As to the state law claims for negligent training and supervision and for battery, Chief Pustizzi is correct that no "official capacity" claim against him as a governmental
In making this argument, Forrest misunderstands the Police Department's capacity for suit. "Sheriff's departments and police departments are not usually considered legal entities subject to suit, but capacity to sue or be sued shall be determined by the law of the state in which the district court is held." Dean v. Barber, 951 F.2d 1210, 1214-15 (11th Cir. 1992) (citations and internal quotation marks omitted). In Florida, while county sheriff's offices can be subject to suit, see generally, e.g., Weiland v. Palm Beach Cnty. Sheriff's Office, 792 F.3d 1313 (11th Cir. 2015), "[w]here a [city] police department is an integral part of the city government as the vehicle through which the city government fulfills its policing functions, it is not an entity subject to suit," Fla. City Police Dep't v. Corcoran, 661 So.2d 409, 410 (Fla. 3d DCA 1995) (quoting Eddy v. City of Miami, 715 F.Supp. 1553, 1556 (S.D. Fla. 1989)); see also Guzman v. City of Hialeah, No. 15-23985, 2016 WL 3763055, at *3 (S.D. Fla. July 14, 2016) ("[T]he Court agrees that the City of Hialeah Police Department is not capable of being sued . . . .").

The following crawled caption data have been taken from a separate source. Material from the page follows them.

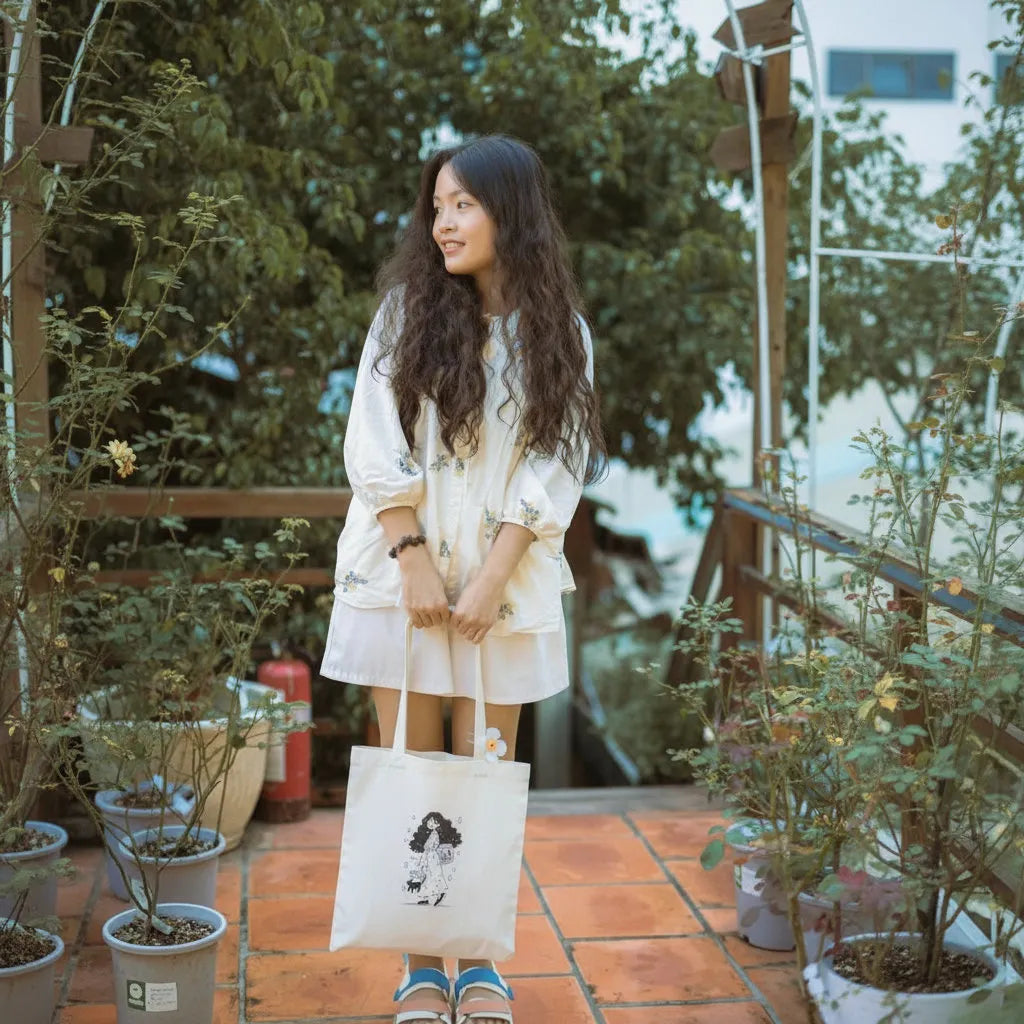 Canvas Tote Bag for Men & Women | 220 GSM Cotton, Premium Zipper, Coin Pouch (Girl)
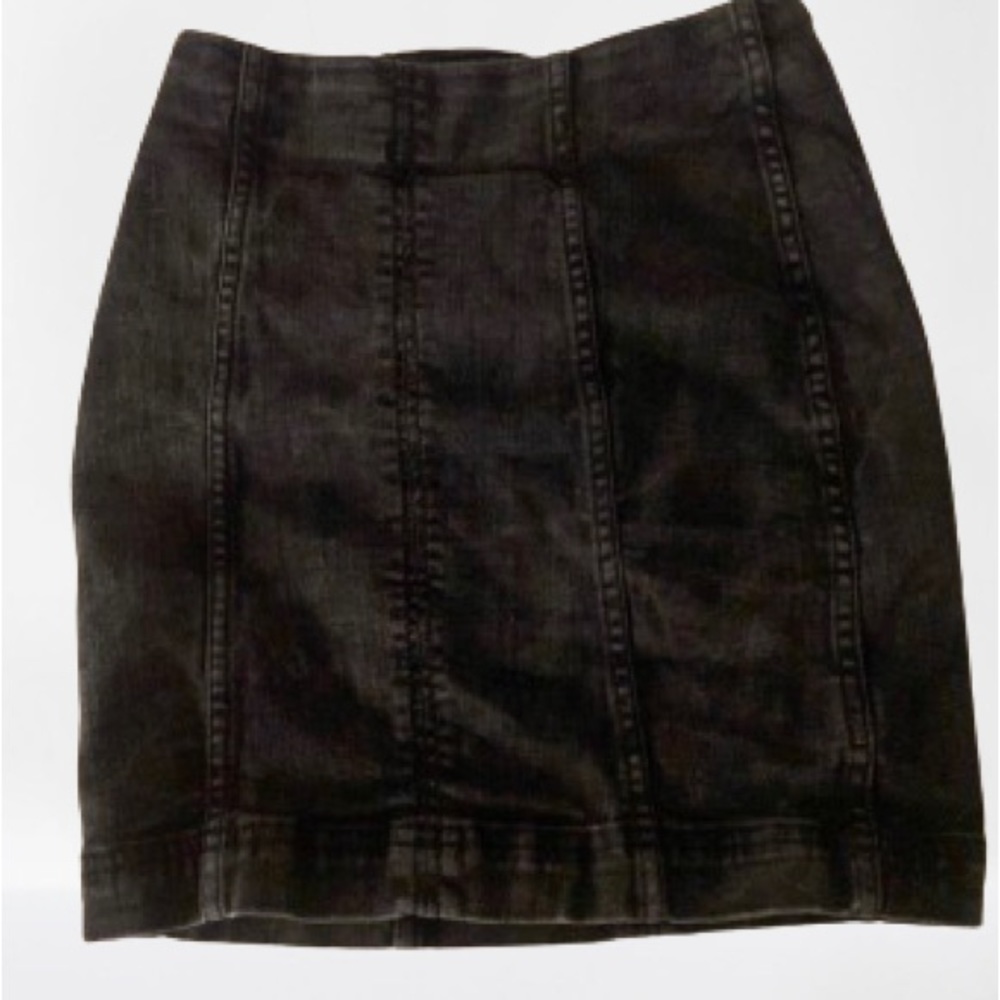 Free people black denim skirt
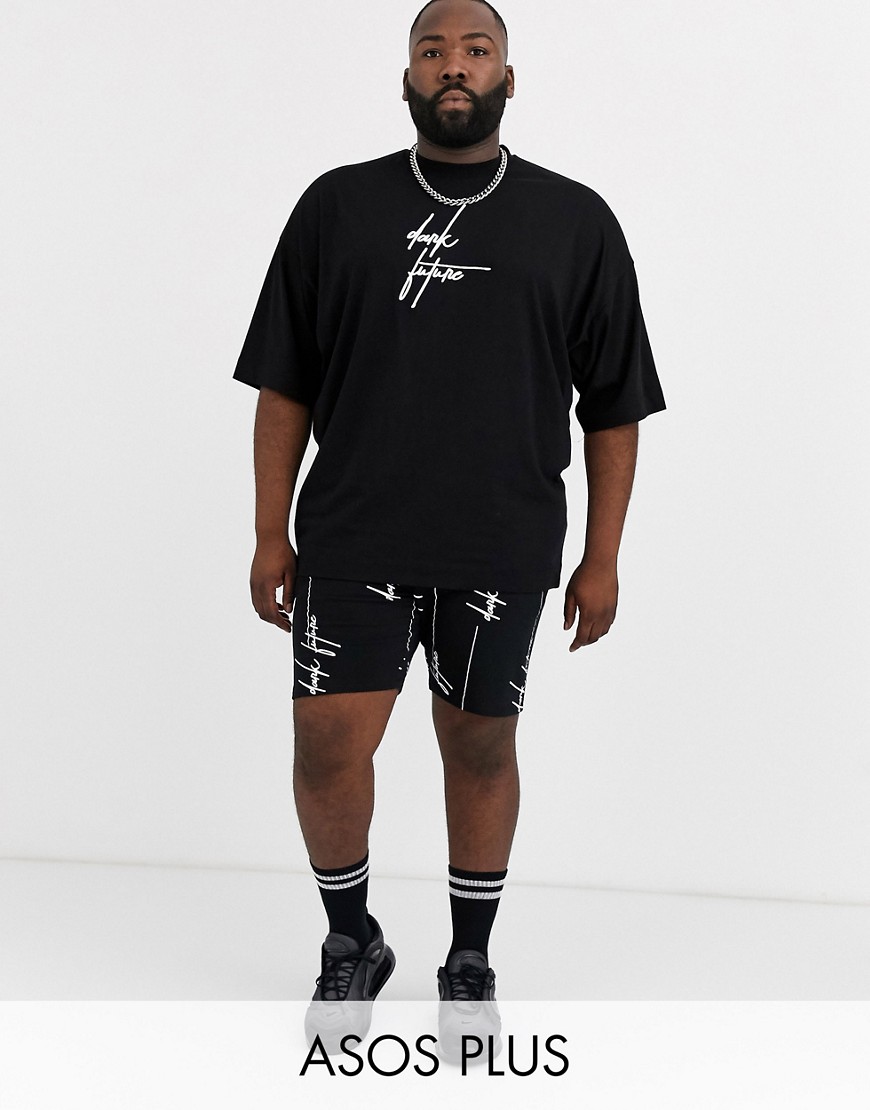 фото Комбинируемые облегающие шорты со сплошным текстовым принтом asos design plus dark future-черный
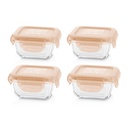 Set de 4 boite de conservation en verre naturSquare Bunny MINILAND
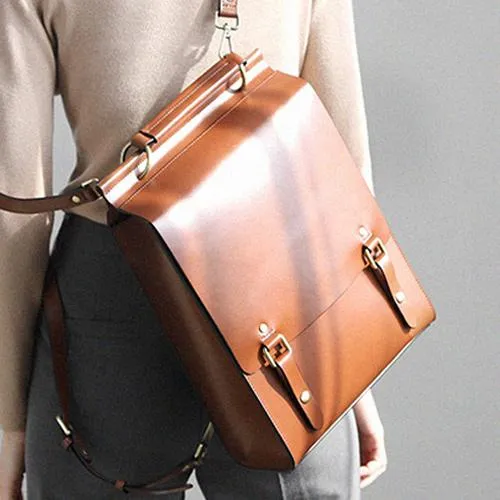 Best Coffee Leather Womens Satchel Backpacks Laptop Leather Black School Backpacks for Women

Forrest brings these claims against Chief Pustizzi in his official capacity as the head of the City of Coral Springs Police Department. See Compl. ¶ 105 ("Anthony Pustizzi, acting in his official capacity as Police Chief of the City of Coral Springs Police Department, had complete control and authority over all officers in the [Police Department]."); id. ¶ 120 ("Chief Pustizzi, acting in his official capacity as Chief of Police for the City of Coral Springs Police Department, is vicariously liable for the torts committed by agents and employees acting within the scope of their employment pursuant to Florida Statutes § 768.28."). But the City of Coral Springs Police Department is not an entity subject to suit under Florida law, so Chief Pustizzi is similarly not subject to suit in his official capacity as the "head" of an entity that is not itself subject to suit. The proper defendant for these claims would be the City of Coral Springs itself. Chief Pustizzi, as the Chief of Police, is not the "head" of the City of Coral Springs, so he is an improper official capacity defendant for claims that should have been brought against the City. As a result, the state law claims against Chief Pustizzi must be dismissed.